Thursday, February 14, 2008

Steamboat 700 Village (commercial space)

Officials want Steamboat 700 village center moved
By Brandon Gee Steamboat Pilot / TODAY
Thursday, February 14,

Steamboat 700 by the numbers
Size: 700 acres

Buildout: 10 to 25 years

Residential units: 1,827 to 2,243

High-density residential units (condos, townhouses, apartments): 45 percent

Small, single-family lots (under 8,000 square feet) or duplexes: 36 percent

Square footage of commercial/nonresidential uses: 272,000 to 331,000

Affordable housing target: 80 percent to 150 percent AMI (area median income)

Permanently deed-restricted housing provided by developer: 20 percent (367 to 448 units)

Topography: Most slopes 5 percent to 15 percent, some 30 percent or more on bluffs and hillsides

“Village centers:” three to four stories

Open space: 221 acres (32 percent)

Trails: 10+ miles

Infrastructure cost: $103 million

Additional off-site automobile trips a day generated: 14,000

— Source: Steamboat 700 Initial Submittal, November 2007

For more information on the Steamboat 700 annexation and development, visit www.yampavalley.info/

steamboat700.asp and www.steamboat700.com.

Steamboat Springs — While much of the discussion about the proposed Steamboat 700 development has focused on housing, city officials also have raised concerns about the development’s commercial components.

In a staff report prepared for Steamboat 700’s pre-application review tonight before the Steamboat Springs Planning Commission, city officials criticize the proposed location of the development’s main village center. Development plans show the village center going in along U.S. Highway 40 at the extreme southeast corner of the 700-acre project. New Victory Parkway, a proposed road that would serve as the development’s main east-west artery, would form the village center’s north boundary.

“The village center is disconnected from the majority of the proposed development,” the city staff report states. “New Victory Parkway should be encompassed within the village center to provide pedestrian connectivity and to ensure that at least a portion of the road operates as a ‘main street’ commercial area rather than a typical suburban arterial.”

Developers warn if they are forced to move the village center, they may lose their ability to provide west Steamboat’s No. 1 commercial need, as identified by a Steamboat 700 survey.

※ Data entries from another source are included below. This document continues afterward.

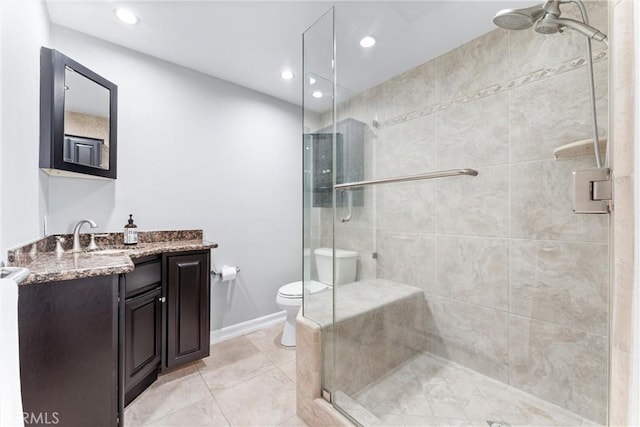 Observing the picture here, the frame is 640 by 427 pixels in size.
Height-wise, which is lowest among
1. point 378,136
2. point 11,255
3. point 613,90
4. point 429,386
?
point 429,386

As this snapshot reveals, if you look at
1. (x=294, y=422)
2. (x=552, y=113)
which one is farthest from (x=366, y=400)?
(x=552, y=113)

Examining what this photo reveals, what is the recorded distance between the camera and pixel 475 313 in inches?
68.7

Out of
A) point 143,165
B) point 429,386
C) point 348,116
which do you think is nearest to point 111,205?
point 143,165

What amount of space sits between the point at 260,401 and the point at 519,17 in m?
2.40

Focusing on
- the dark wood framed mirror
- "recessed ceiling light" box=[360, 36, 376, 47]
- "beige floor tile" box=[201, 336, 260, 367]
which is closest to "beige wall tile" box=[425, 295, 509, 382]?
"beige floor tile" box=[201, 336, 260, 367]

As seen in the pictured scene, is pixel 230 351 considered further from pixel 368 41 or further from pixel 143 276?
pixel 368 41

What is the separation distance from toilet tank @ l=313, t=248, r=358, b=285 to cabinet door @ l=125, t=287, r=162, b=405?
1086 mm

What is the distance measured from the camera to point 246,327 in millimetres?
2582

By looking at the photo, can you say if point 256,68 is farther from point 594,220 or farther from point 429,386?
point 429,386

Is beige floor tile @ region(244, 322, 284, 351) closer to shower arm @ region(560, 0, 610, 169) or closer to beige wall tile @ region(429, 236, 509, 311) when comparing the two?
beige wall tile @ region(429, 236, 509, 311)

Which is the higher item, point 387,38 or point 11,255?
point 387,38

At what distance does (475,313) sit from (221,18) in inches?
98.3

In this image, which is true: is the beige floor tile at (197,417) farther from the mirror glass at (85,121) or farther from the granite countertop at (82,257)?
the mirror glass at (85,121)

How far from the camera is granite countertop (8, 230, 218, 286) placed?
1.10 m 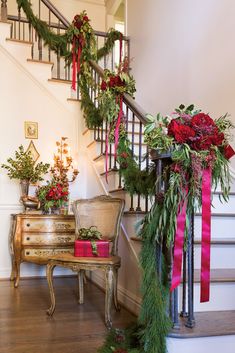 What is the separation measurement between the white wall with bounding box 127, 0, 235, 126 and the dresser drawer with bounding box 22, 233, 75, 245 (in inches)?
79.1

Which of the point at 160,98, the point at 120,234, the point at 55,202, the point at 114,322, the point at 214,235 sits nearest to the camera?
the point at 114,322

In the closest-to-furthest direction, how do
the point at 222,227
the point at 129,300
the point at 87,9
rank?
the point at 222,227
the point at 129,300
the point at 87,9

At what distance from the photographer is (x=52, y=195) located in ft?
13.3

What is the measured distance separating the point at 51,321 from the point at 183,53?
3229mm

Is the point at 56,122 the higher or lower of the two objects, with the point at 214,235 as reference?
higher

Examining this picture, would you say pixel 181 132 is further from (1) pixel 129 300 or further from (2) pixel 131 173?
(1) pixel 129 300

“We’re going to try to get a grocery store,” Peter Patten, a land-use consultant employed by Steamboat 700, said at a meeting last week with Routt County officials. “The grocery store needs U.S. 40 frontage, or it’s not going to happen.”

Patten also said that while the village center is not central in Steamboat 700’s site, it is central to the broader west of Steamboat Springs area.

“The community wants a grocery store,” Danny Mulcahy, Steamboat 700 project manager, said at the same meeting.

Mulcahy also noted two smaller, mixed-use centers that would be dispersed in other areas of the project to serve other neighborhoods. Bill Fox, Steamboat 700’s transportation consultant, said 60 percent of Steamboat 700’s homes would be within a quarter-mile of a mixed-use center.

“It’s a place that’s very walkable,” Fox said.

On Wednesday, Planning Services Manager John Eastman said city staff has not been swayed by the arguments of Mulcahy and his team.

“The key is the village center functions as a pedestrian-accessible experience for a significant portion of the development,” Eastman said.

Nonetheless, Eastman said he is confident the village center issue will be worked out. He said the grocery store argument is a legitimate one.

“We absolutely need a grocery store out there,” Eastman said.

Eastman said the developers and the city are much farther apart when it comes to the issue of affordable housing, but that is a situation that might be changing. Eastman said progress was made in a meeting between city officials, Steamboat 700 and the Yampa Valley Housing Authority on Wednesday.

“We didn’t reach any solutions but at least found some ways that might lead to some solutions,” Eastman said. “I’m a lot more optimistic.”